Five parties in Ukraine’s parliament, the Verkhovna Rada, officially formed a governing coalition on Thursday that faces the daunting task of fulfilling the Ukrainian public’s expectations of reform in the crisis-hit country.
The coalition, named “European Ukraine” is made up of 302 MPs mainly from the Bloc of Petro Poroshenko, the Popular Front, the Samopomich Party, the Radical Party and the Batkivshyna Party, all of which are pro-European, but which are headed by politicians who do not always see eye-to-eye.
Earlier, the five parties agreed on a text of a coalition agreement that sets out the grouping's manifesto for change in Ukraine. The negotiations over the agreement lasted for practically a month after the parliamentary elections on October 26, with rumors of political tensions between President Petro Poroshenko and current Prime Minister Arseniy Yatsenyuk.
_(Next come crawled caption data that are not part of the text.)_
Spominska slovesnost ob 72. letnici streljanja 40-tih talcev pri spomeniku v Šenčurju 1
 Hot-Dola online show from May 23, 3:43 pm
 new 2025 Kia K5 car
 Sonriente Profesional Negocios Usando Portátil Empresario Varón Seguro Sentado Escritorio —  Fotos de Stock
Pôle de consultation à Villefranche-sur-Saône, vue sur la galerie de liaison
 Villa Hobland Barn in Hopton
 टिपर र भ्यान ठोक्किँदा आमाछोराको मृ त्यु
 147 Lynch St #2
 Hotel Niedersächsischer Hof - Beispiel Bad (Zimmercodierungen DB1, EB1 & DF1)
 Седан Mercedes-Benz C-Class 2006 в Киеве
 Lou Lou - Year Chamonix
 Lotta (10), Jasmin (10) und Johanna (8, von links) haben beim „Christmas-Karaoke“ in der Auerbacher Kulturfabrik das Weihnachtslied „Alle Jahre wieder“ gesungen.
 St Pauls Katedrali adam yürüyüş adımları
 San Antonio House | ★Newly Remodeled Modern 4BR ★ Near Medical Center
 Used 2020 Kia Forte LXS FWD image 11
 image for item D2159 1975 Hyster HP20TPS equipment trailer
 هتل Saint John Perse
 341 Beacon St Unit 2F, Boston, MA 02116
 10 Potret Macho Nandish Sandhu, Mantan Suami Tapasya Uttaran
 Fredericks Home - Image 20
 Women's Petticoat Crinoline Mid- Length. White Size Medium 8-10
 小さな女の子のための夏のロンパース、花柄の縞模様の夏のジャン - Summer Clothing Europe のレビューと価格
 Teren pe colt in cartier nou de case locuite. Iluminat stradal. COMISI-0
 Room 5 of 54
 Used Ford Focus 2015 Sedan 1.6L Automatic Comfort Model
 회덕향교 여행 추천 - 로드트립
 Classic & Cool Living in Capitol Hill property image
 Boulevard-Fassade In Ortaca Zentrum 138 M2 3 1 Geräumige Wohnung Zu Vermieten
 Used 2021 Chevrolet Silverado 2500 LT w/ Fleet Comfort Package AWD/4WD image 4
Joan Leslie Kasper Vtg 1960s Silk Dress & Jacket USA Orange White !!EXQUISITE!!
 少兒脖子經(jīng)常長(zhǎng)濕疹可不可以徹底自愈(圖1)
Poroshenko’s Bloc of Poroshenko has the biggest faction in parliament of 146 MPs, but Yatsenyuk’s Popular Front, with a faction of 83 MPs, won the popular vote in the October 26 elections. However, due to Ukraine’s mixed proportional/constituency voting system, where half the Rada’s 450 seats are awarded under party lists, and half in majority elections in constituencies, the Bloc of Poroshenko ended up with many more seats in parliament than the Popular Front.
Meanwhile, there is a heavy police presence near the parliament building to maintain public order. Earlier civil activists promised to prevent MPs who voted for the “Dictatorship Laws” of January 16 from entering the parliament.
More than 60 MPs from the previous parliament who voted for these laws have been re-elected. The laws, which were put forward by supporters of then President Viktor Yanukovych, were modelled on Russian laws that grant the president strong powers and significantly restrict civil liberties.
The passing of the laws on January 16 is one of the factors that sparked the violent response from Ukrainian protesters on January 19 to Yanukovych’s efforts to quell opposition to his regime.